Retype, exactly and with nothing added, the lines from the one showing "Комплект унитаза с" through the final line of the material. Omit pictures.

_SOURCE MATERIAL_:
• • • • • • •

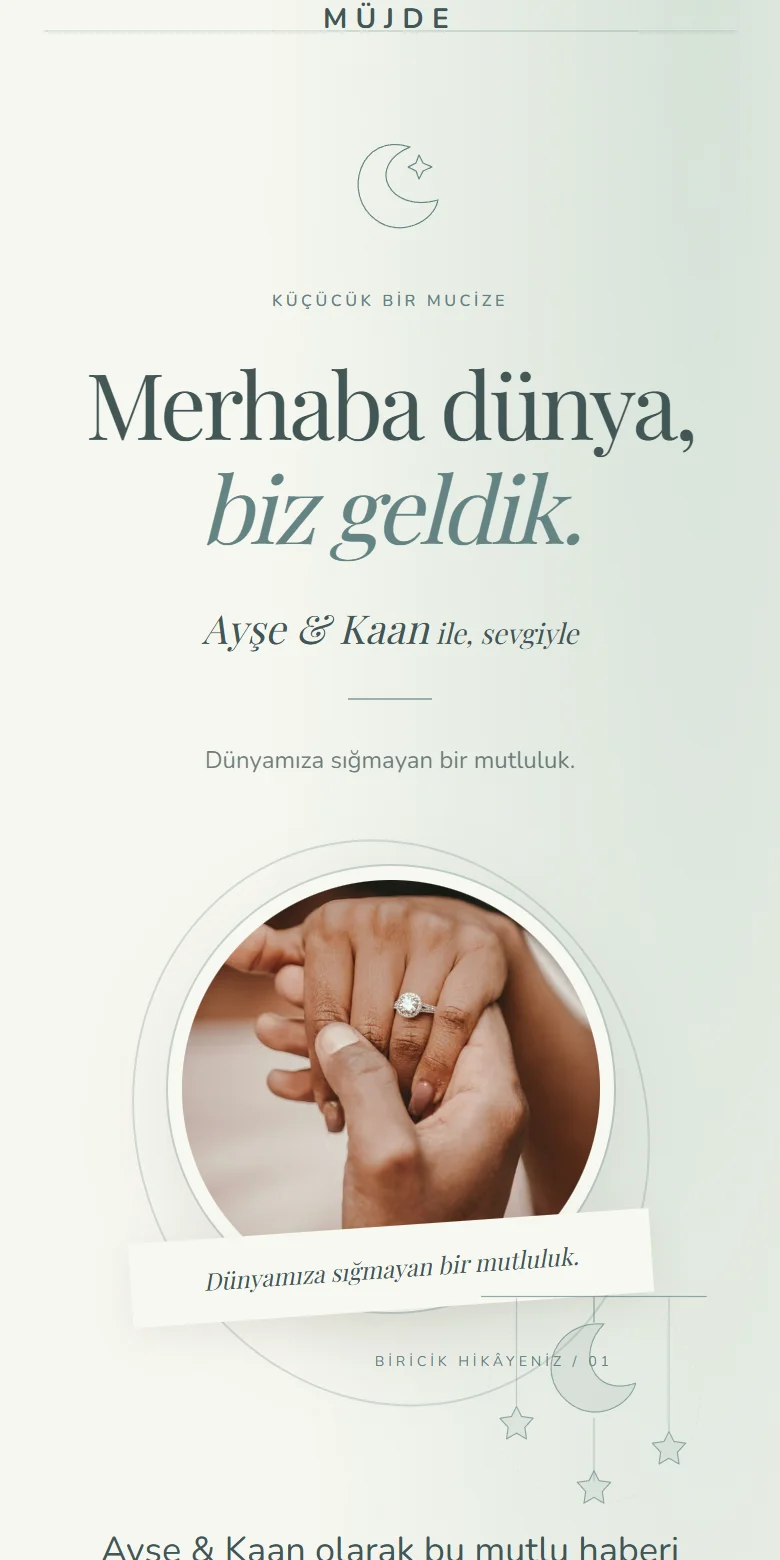 Bebek Duyurusu örnek sayfasının görünümü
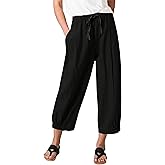 Bozanly Summer Capri Pants for Women Casual Elastic Waist Cotton Linen Comfy Yoga Crop Pants Trousers 2026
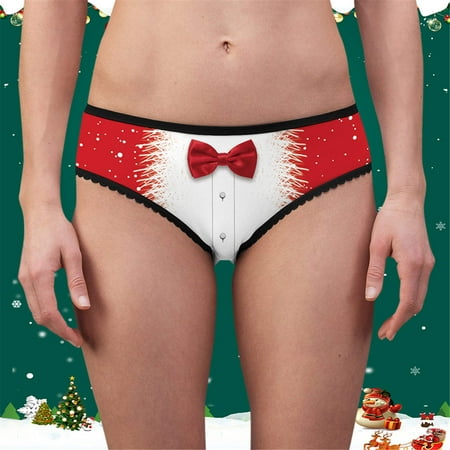 

Qcmgmg Christmas Stretch Print Briefs Panties Women s Breathable Low Waisted Sexy Underwear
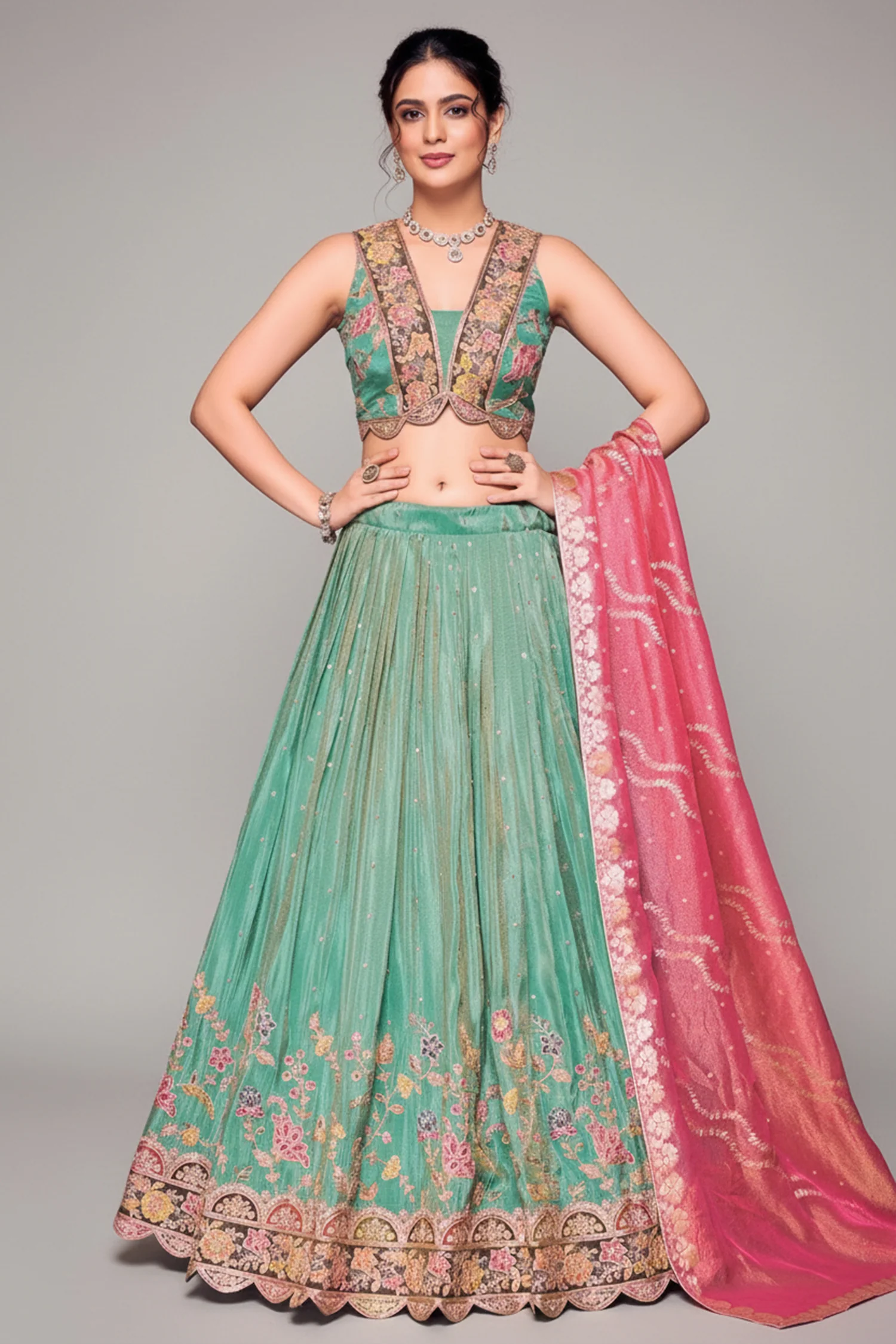 Sea Green Chinon Floral Printed Lehenga with Sequin Work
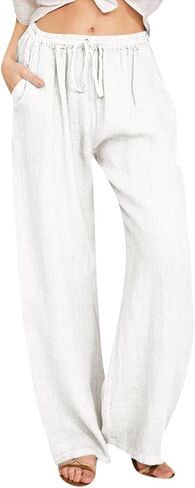 Cotton Linen Pants for Women,Summer Wide Leg Casual Loose Drawstring High Waist Palazzo Pants with Pockets in Saudi Arabia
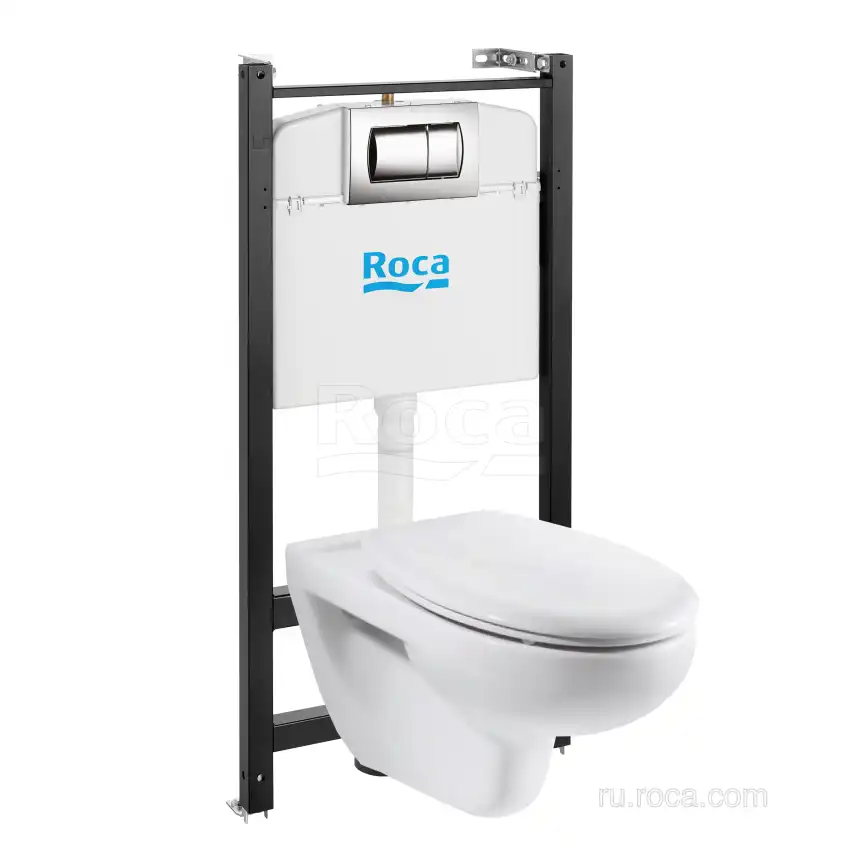 Комплект унитаза с инсталляцией Roca Victoria 893100000 подвесная чаша + инсталляция + сиденье + панель смыва Хром фото 1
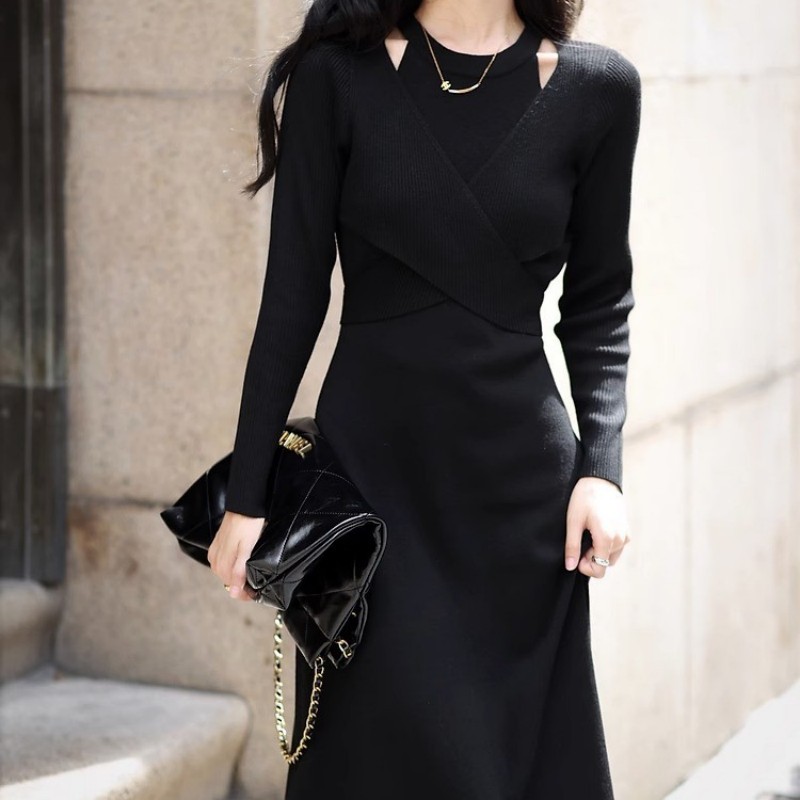 French Style Temperament Socialite Design Sense Knitted Dress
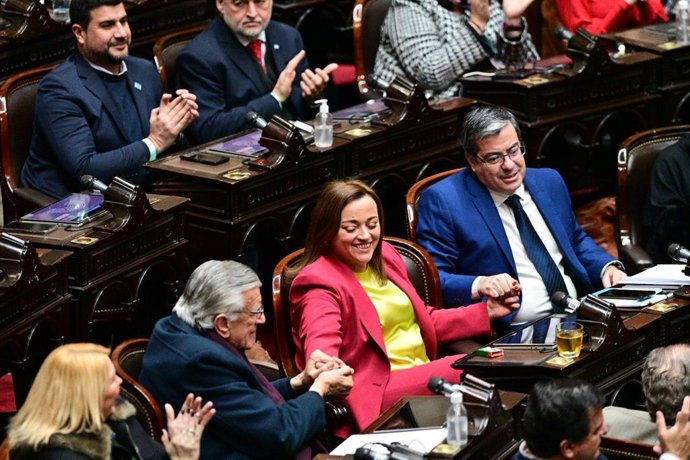Cecilia Moreau en una sesión en la Cámara de Diputados argentina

• • • • • • •

_ANSWER BOX_:
 Комплект унитаза с инсталляцией Roca Victoria 893100000 подвесная чаша + инсталляция + сиденье + панель смыва Хром фото 1
 French Style Temperament Socialite Design Sense Knitted Dress
Cecilia Moreau en una sesión en la Cámara de Diputados argentina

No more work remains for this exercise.